Оливер прочистил склеившееся от волнения горло, после чего рассказал анекдот о мальчике и девочке, которые следят за парной игрой на теннисном корте нудистов. Пресвитер улыбнулся. Оливер поднял расстроенные глаза.
— Нет? — уточнил он.
— Не лишено веселости, — подбодрил Пресвитер, — однако в нынешнем виде слишком уж отдает историями на тему «герцогиня — дворецкий» из категории «женщина в ванной». Не говоря уже о том, что здесь очевидно разыгрывается популярный двойной гамбит «священник — барменша».
— О, сэр, — горестно произнес Оливер, — у меня никогда не получится.
— Глупости, сынок, — возразил Пресвитер. — Эти коротенькие побасенки, как ни странно, придумывать сложнее, чем что бы то ни было. Они должны обладать убедительностью, ювелирной точностью, сообщать нечто важное и своевременное.
— Да, сэр, — еле слышно согласился Оливер.
— Справься у Войцеховски и Сфорцини, — предложил Пресвитер. — И еще у Ахмеда Эль-Хакима.
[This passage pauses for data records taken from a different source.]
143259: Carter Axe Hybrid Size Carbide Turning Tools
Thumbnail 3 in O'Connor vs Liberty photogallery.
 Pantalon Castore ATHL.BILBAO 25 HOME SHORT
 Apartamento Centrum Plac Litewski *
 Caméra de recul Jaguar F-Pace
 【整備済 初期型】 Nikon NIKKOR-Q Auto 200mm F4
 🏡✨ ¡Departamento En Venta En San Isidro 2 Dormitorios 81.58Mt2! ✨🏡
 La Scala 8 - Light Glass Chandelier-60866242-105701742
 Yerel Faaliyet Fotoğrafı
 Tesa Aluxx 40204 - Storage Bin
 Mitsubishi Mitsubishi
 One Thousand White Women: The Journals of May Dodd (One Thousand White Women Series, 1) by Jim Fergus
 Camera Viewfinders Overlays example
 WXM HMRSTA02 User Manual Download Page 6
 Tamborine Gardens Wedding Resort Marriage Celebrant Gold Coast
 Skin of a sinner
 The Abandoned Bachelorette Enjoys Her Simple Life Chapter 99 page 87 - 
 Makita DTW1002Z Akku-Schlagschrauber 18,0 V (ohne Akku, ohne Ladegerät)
Они помогут тебе разобраться в базовой схеме. Хорошо? — Он похлопал Оливера по плечу.
— Да, сэр. — Оливер сумел выдавить улыбку и возвратился в свой отсек.
— Печально, — вздохнул Пресвитер. — Он никогда не достигнет класса «А». На самом деле его вообще не должно было быть среди сочинителей… — Он неопределенно развел руки. — Причиной всему сентиментальность.
— В каком смысле? — не понял Тальберт.
— Именно его прадед двадцать третьего июня тысяча восемьсот сорок восьмого года сочинил историю о коммивояжере — первый чисто американский анекдот.
Пресвитер и Пископ на минуту склонили головы в почтительном молчании. Тальберт последовал их примеру.
— Вот так обстоит дело, — заключил Пресвитер.
Они спустились по лестнице обратно и сидели в Гостиной, потягивая шерри.
— Может быть, вы хотите узнать что-нибудь еще? — спросил Пресвитер.
— Только одно, — сказал Тальберт.
— И что же, сэр?
— Зачем вы показали мне все это?
— Да, — вставил полковник, протягивая руку к кобуре, — в самом деле, зачем?
Пресвитер внимательно посмотрел на Тальберта, подбирая слова для ответа.
— Вы еще не догадались? — спросил он наконец. — Нет. Вижу, что не догадались. Мистер Бин… вы для нас человек небезызвестный. Кто же не слышал о ваших работах, о вашей беззаветной преданности пусть порой и непонятным простому смертному, но всегда великим делам? Разве можно не восхищаться вашей самоотверженностью, вашей целеустремленностью, вашим гордым пренебрежением устоями и условностями?